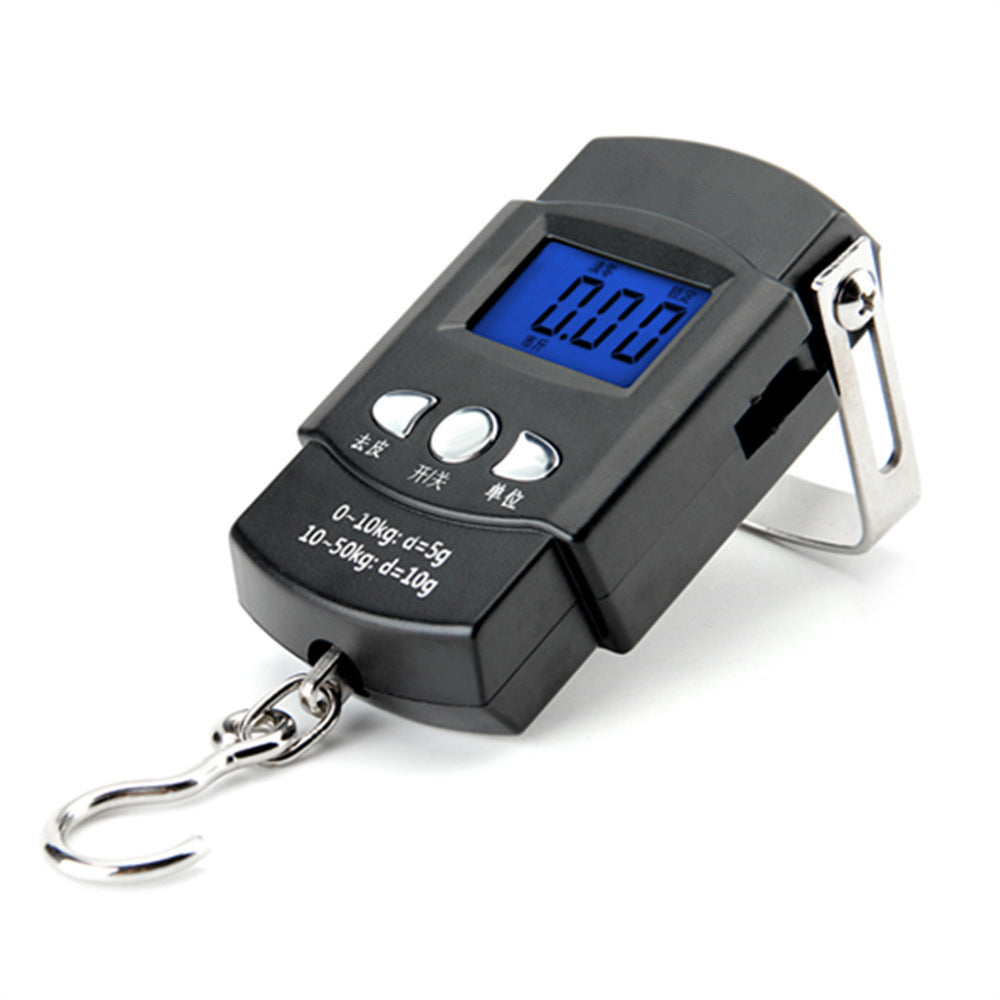High-precision portable scale with tape measure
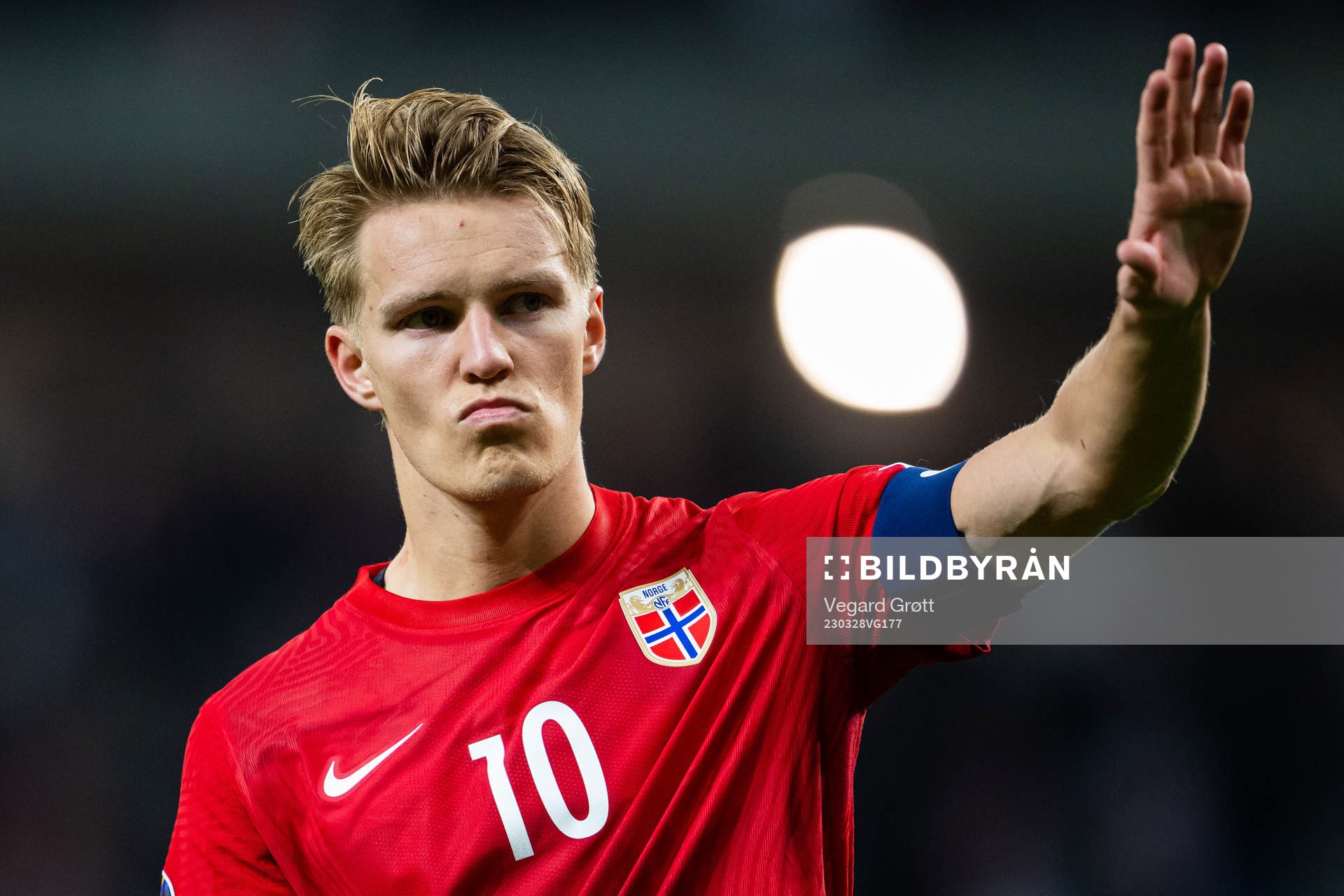 Martin Ødegaard of Norway
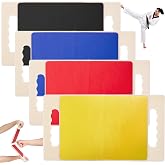 Noamus 4 Pack Rebreakable Punching Board with Handles, 16.5"x9" Taekwondo Karate MMA Boards, Reusable Plastic Training Breaking Boards, Martial Arts Boxing Training Equipment for Adults, 4 Levels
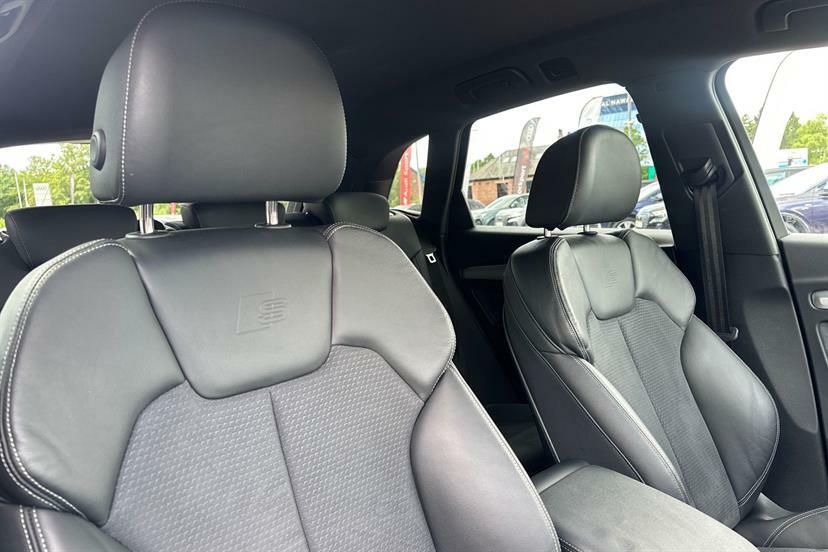 Audi Q5 Tdi Black Edition White #31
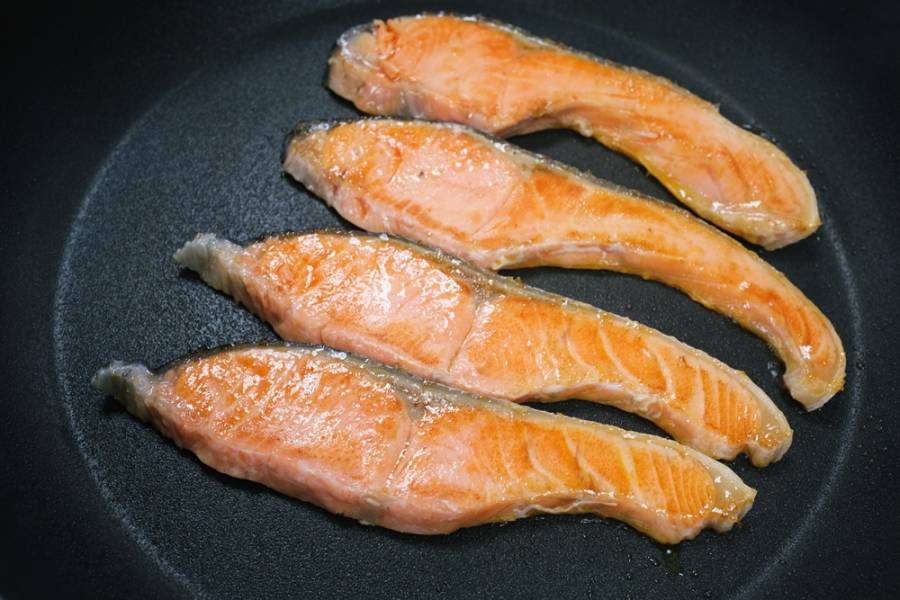 北海道風味日式鹽漬鮭魚4片 (300g/包) 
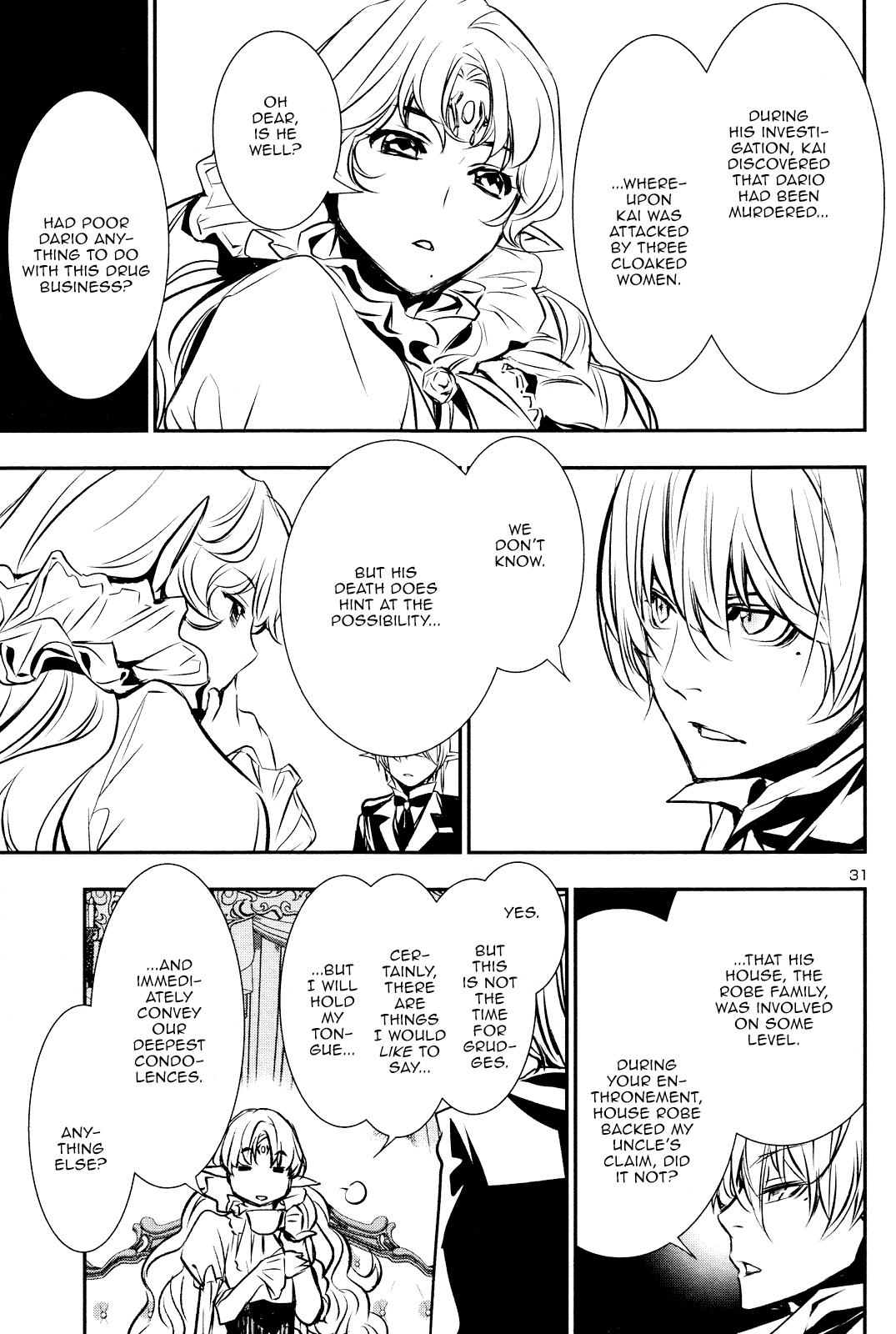 Shinju no Nectar Chapter 32 page 30 - Chapter 32: The Attackers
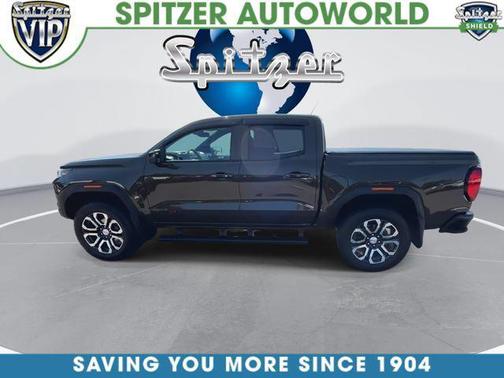 Brown 2024 GMC Canyon AT4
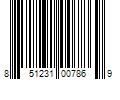 Barcode Image for UPC code 851231007869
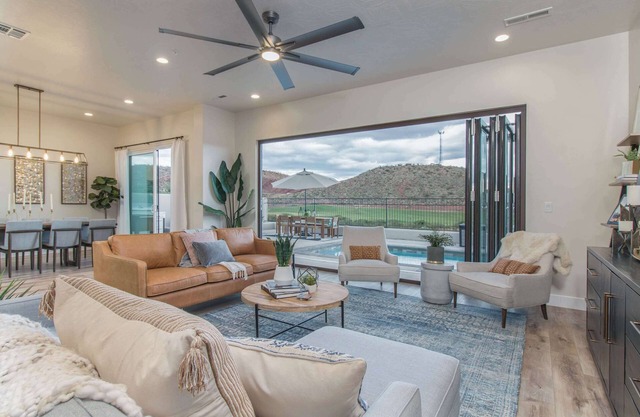 Golf Course Views, Private Pool, Hot Tub, Fire Pit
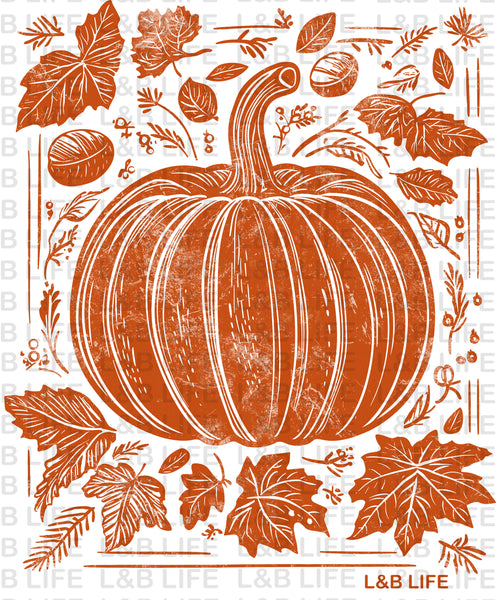 VINTAGE PUMPKIN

◆ ◆ ◆ ◆

__Your assignment__
Without including a single picture, restate all of the data word for word.

__Solution to the exercise__
High-precision portable scale with tape measure
 Martin Ødegaard of Norway
 Noamus 4 Pack Rebreakable Punching Board with Handles, 16.5"x9" Taekwondo Karate MMA Boards, Reusable Plastic Training Breaking Boards, Martial Arts Boxing Training Equipment for Adults, 4 Levels
 Audi Q5 Tdi Black Edition White #31
 北海道風味日式鹽漬鮭魚4片 (300g/包) 
 Shinju no Nectar Chapter 32 page 30 - Chapter 32: The Attackers
 Brown 2024 GMC Canyon AT4
 Barcode Image for UPC code 851231007869
 Golf Course Views, Private Pool, Hot Tub, Fire Pit
 VINTAGE PUMPKIN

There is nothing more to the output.